# Snake Avoidance



## gzagar (Jul 12, 2016)

There has been an alarming increase in rattlesnake sightings and bites in Northern California...typically these don't start till July/August. Likely some relation to all the rain we had and the effect on their food supplies. I was wondering:
*How exposed are you to rattlesnakes where you wander off leash?
*Have you been through a snake avoidance class or techniques?
*Has your dog been bitten and how long do you have to get to a vet?
*etc.

Just throwing it out there for some help before we become a statistic
Thanks!


----------



## texasred (Jan 29, 2012)

Mine have been through snake avoidance training, and also get a yearly Rattle snake vaccine.
While nothing is a 100%, I feel like its best to be proactive.


----------



## gzagar (Jul 12, 2016)

Thanks texasred


----------



## vdogdad (Apr 15, 2013)

Please check with your vet that they actually stock the anti-venom...you may be surprised with what you learn...we were. We live in rural central Florida which is prime Eastern Diamondback habitat...here it's only a matter of "when" we will have encounters. This is our primary "worry" about protecting our curious red hunters! Our female has proudly delivered two Coral Snakes to us, while miraculously avoiding a bite!


----------



## Spy Car (Sep 3, 2014)

Leading veterinary schools (like Davis) don't recommend the so-called rattlesnake "vaccine" as there is no evidence to suggest it works.

Using it and then taking extra risks based on the false assumption that it is offering any protection seems unwise to me.

Bill


----------



## texasred (Jan 29, 2012)

Yes, I know not everyone is on board the snake vaccine. 
And I don't put my dogs in places, just because I use it, and have them go through snake avoidance. 
The fact is I live in Texas, and we have snakes. I can be proactive as possible. Or do nothing, and hope for the best. 
I would rather be proactive. 
I know people who have lost dogs to rattlesnake bites. Those same people now use the vaccine, and had a dogs recover after a rattlesnake bite. While it's possible the vaccinated dog, may have recovered without the vaccine. It still leads me to keep my dogs vaccinations up to date.


----------



## NutterButter (Mar 5, 2016)

Our Vizsla Sadie hates snakes and will hide in the house for a full day if she sees a snake of any kind on one of our walks. We had a Beagle mix we put through snake avoidance training. The rattlesnakes were held under white buckets until released as part of the training. She was very diligent about avoiding white buckets after that.


----------



## MikoMN (Nov 29, 2016)

Around here they are so few and far between I don't know anyone who has encountered one. Garter snakes, however, were Miko's standard prey, and treat as a puppy last fall. Because of this I am kind of worried about when we take him to the mountains of Utah this summer. 

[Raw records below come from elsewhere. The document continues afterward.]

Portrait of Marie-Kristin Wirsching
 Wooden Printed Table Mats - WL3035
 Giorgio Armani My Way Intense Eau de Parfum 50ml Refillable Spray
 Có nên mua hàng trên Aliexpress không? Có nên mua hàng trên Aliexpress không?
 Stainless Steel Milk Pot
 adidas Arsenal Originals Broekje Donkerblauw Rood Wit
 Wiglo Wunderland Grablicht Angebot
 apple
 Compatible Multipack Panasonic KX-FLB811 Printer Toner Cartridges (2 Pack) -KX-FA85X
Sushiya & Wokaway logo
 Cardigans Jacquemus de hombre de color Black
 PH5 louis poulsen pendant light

This leads me to my next question. What do you do in case of a bite?

Sent from my SM-G900V using Tapatalk


----------



## Anida (Jun 10, 2016)

MikoMN said:


> Around here they are so few and far between I don't know anyone who has encountered one. Garter snakes, however, were Miko's standard prey, and treat as a puppy last fall. Because of this I am kind of worried about when we take him to the mountains of Utah this summer.
> 
> This leads me to my next question. What do you do in case of a bite?
> 
> Sent from my SM-G900V using Tapatalk


Whereabouts in Utah? Southern Utah you'll have to worry about it but if you're up North only a couple of other places (.i.e. Jordanelle Reservoir -- it's a protected area for them there and is the only place I've regularly seen them in abundance).


----------



## Spy Car (Sep 3, 2014)

texasred said:


> Yes, I know not everyone is on board the snake vaccine.
> And I don't put my dogs in places, just because I use it, and have them go through snake avoidance.
> The fact is I live in Texas, and we have snakes. I can be proactive as possible. Or do nothing, and hope for the best.
> I would rather be proactive.
> I know people who have lost dogs to rattlesnake bites. Those same people now use the vaccine, and had a dogs recover after a rattlesnake bite. While it's possible the vaccinated dog, may have recovered without the vaccine. It still leads me to keep my dogs vaccinations up to date.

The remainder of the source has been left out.